In recent decades, investment arbitration has continued to be an expanding category of public international law. This growth is fueled by the fact that the law applied to international investment disputes is derived from numerous sources. Examples include bilateral investment treaties (“BITs”), multilateral investment treaties (“MITs”) and arbitral awards. Due to this diversity, certain dilemmas arise over the suitable manner in which these legal sources should be interconnected. One frequently asked question is whether it is accurate to say that a system of precedent operates within investment arbitration.
In order to examine this question, it is necessary to distinguish between the two “types” of precedent. The first is binding precedent. This is where the decision of a previous case must be followed in the decision of a new case. The second is persuasive precedent. This is where the ruling in a previous case may be followed, if considered beneficial, in a new case.
There is no unified international system to determine how binding precedent is established. Notwithstanding this, on a comparative level, two main criteria seem to emerge in this respect, leaving aside questions regarding obiter dicta and factual distinctions. Firstly, it is suggested that there needs to be a coordinated legal system in which the separate institutions and laws are purposively designed to interact with each other. For example, one possible aspect in the legal system’s design would be to allow a decision in one court to be appealed to another court.
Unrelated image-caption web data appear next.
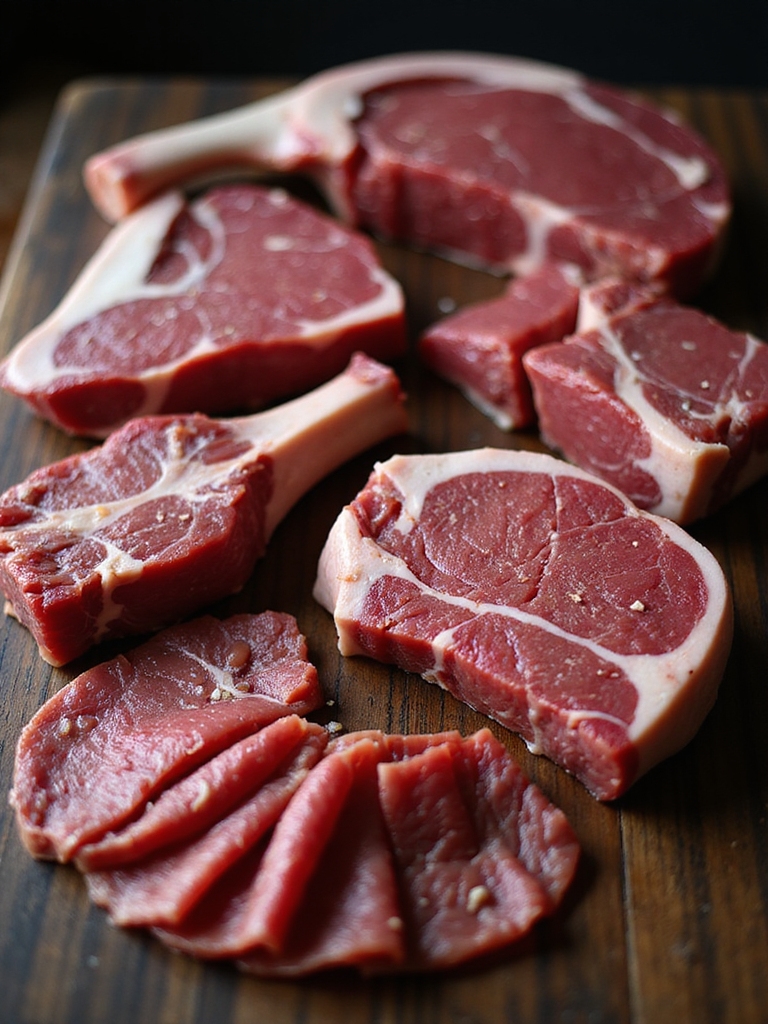 fattier cuts salt slow cook
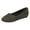 Green, variant on NOKIO Women'S Suede Loafers Women'S Flat Footwear Ladies Summer Fashion Shallow Mouth Solid Colour Soft Comfortable Flat Heel Round Head Lightweight Single Shoes Casual Shoes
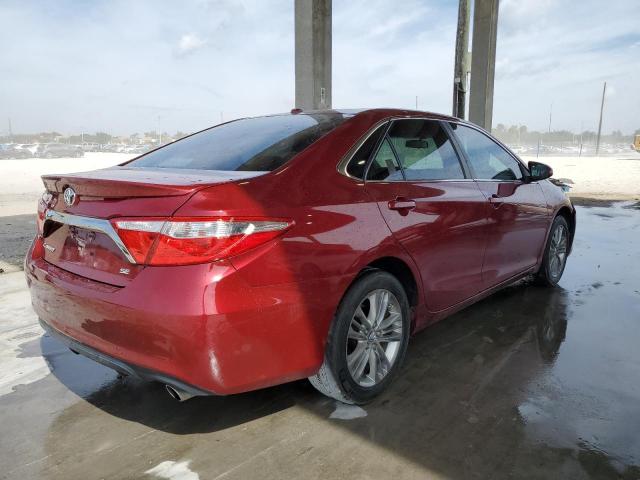 4T1BF1FK7HU723768 - 2017 TOYOTA CAMRY LE BURGUNDY photo 3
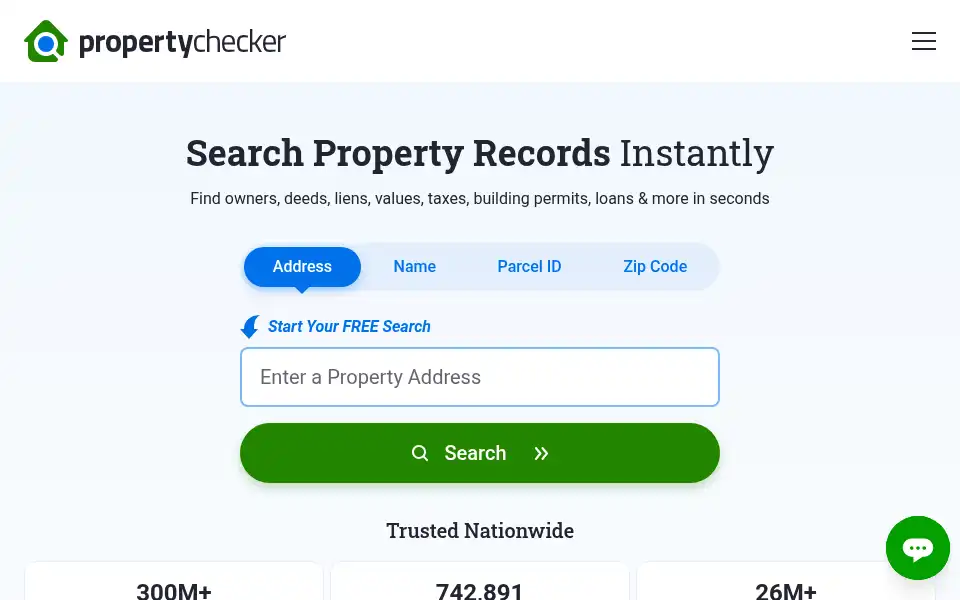Screenshot of property-checker.com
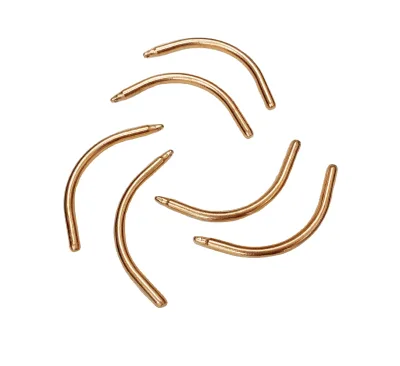 Small Copper Heat Pipe Diameter 6mm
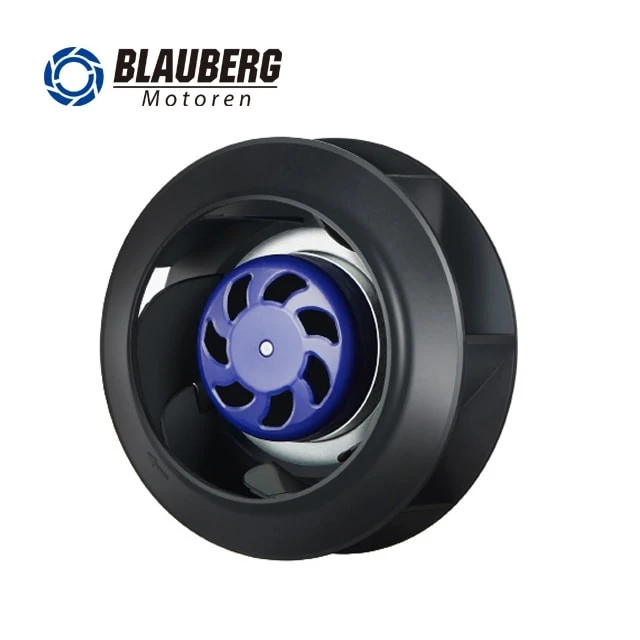 133mm EC Backward Curved Centrifugal Fan Extraction Fans Ventilation factory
And secondly, this legal system may be required to establish a hierarchy whereby a legal forum at the same or lower level than the forum in which the original decision was rendered, considers itself obliged to follow the ruling in the original dispute.
When we apply these criteria to the investment law system, there is a lack of compatibility which suggests that a full scale adoption of binding precedent into the investment arbitration system cannot take place.
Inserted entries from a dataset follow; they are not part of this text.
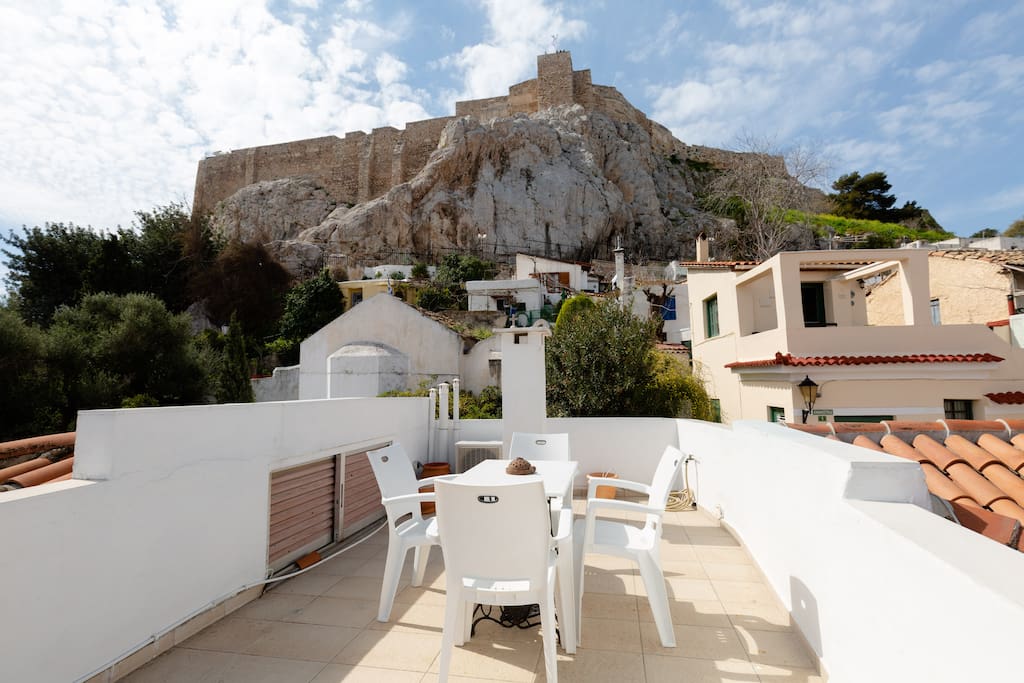 IN THE SHADOW OF ACROPOLIS2 B/R Houses for Rent in Athens, Attica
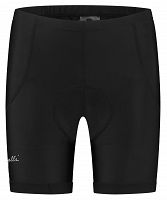 Damskie spodenki rowerowe Rogelli CORE De Luxe, czarne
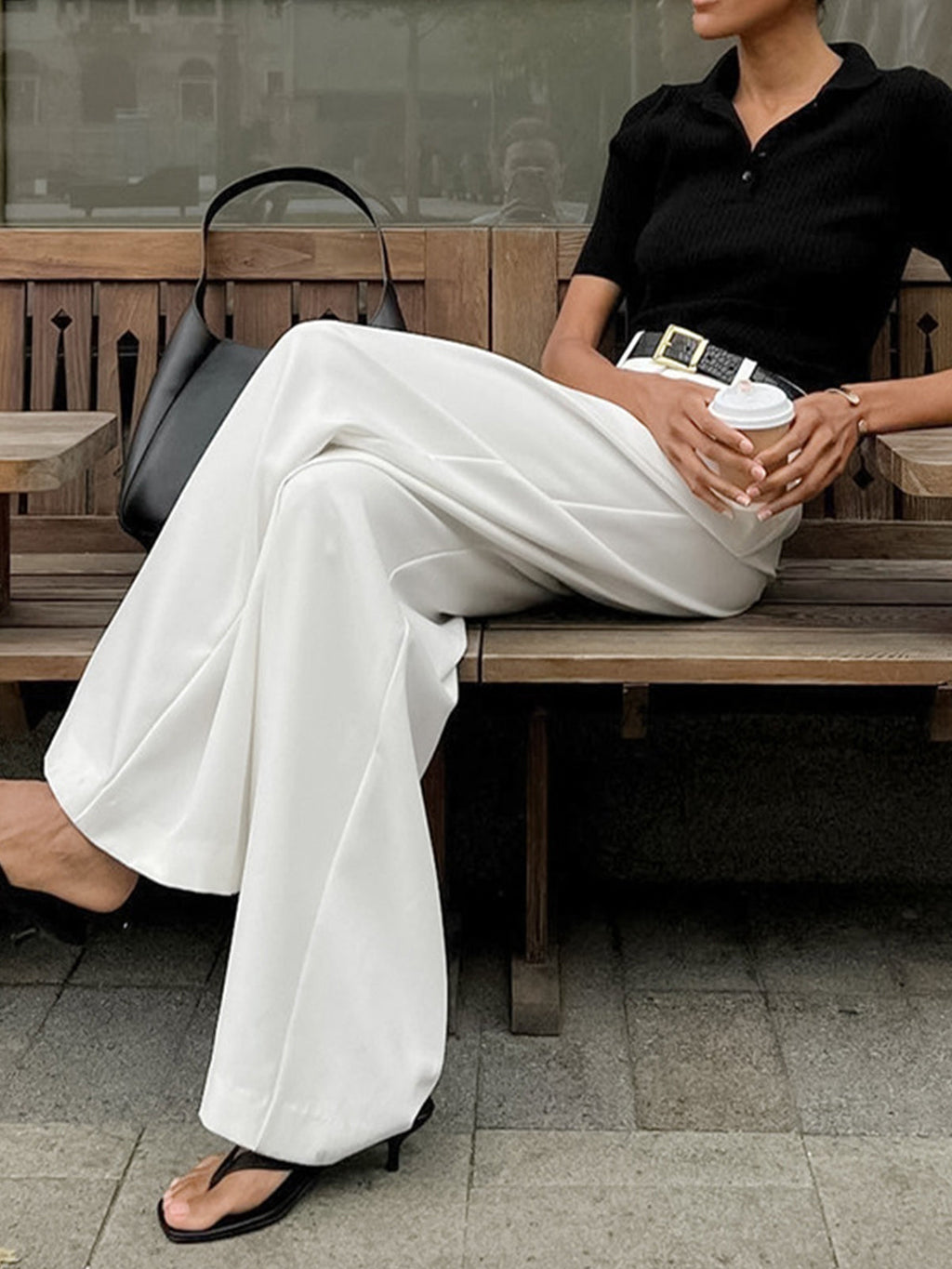 Meira | Elegante broek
The first criterion is not met because BITs, which are the main source of investment law, have no defined link between them. For example, State A may enact a BIT with State B. It may also enact a BIT with State C. However, the two BITs may regulate investment law topics in a completely different manner depending on the political reality of each individual BIT negotiation process and thus they cannot be said to have any formal relationship with each other.
For the second criterion, there is no (and hardly can be) formal hierarchical relationship between tribunals operating under the auspices of various institutions. While there may be a formalized review procedure in ICSID proceedings, this is lacking in ICC or SCC arbitrations.
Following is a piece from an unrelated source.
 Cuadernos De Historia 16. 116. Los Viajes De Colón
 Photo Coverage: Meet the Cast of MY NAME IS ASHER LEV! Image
In practice, within arbitral case law, there are already so many divergent options that make it impossible to argue that a system of binding precedent exists. One example relates to “cooling off periods”. This term defines the timeframe between the notification of the dispute to the opposing party and the initiation of arbitral proceedings. Negotiations should take place during this period to try and reach an amicable settlement. Different investment arbitration cases have led to contradictory conclusions on whether cooling off periods are of a binding nature or not. Certain cases have stated that they are binding to the extent that if they are not complied with, the tribunal will not accept jurisdiction for the case. This occurred in Limited Liability Company AMTO v Ukraine whereby the tribunal emphasised the importance of how cooling off periods assist amicable dispute settlement and thus they should not be ignored. However, other cases such as Ethyl Corporation v The Government of Canada stated that cooling off periods do not have to be adhered to. Although, in this case the rejection of the claimant’s request to negotiate, and the tribunal’s view that negotiations were unlikely to have changed the mind of the Canadian government regarding the issue at hand, assisted the tribunal in reaching its conclusion.
Despite these problems, there are certain examples where precedent has been widely adhered to in the investment arbitration system. One example is the definition of the term investment. In the case of Salini Costriuttori v Morocco the tribunal set out four criteria to define precisely what an investment is (economic contribution, business risk, a benefit for the development of the host state and a significant duration). These criteria were subsequently cited in numerous cases which followed the Salini dispute. Therefore, it may be argued that precedent was formed in one particular case and thereafter adhered to with respect to the particular issue of outlining how to define an investment.
Thus, on the evidence of current practice, a mixture of opinions on the topic of precedent has arisen in investment arbitration cases. It is certainly admissible to say that some form of precedence has found its way into the system of investor-state disputes. On an overall level, it is possible to say that investment arbitration in practice often operates within a system of persuasive precedence, whereby if a tribunal is convinced that a previous arbitral decision provides suitable guidance, that previous award will influence their decision. However, considering the lack of consistency in case law and the non-fulfillment of the possible criteria listed above, it is unlikely that a system of binding precedent cam be established, whereby tribunals would be obliged to follow previous decisions.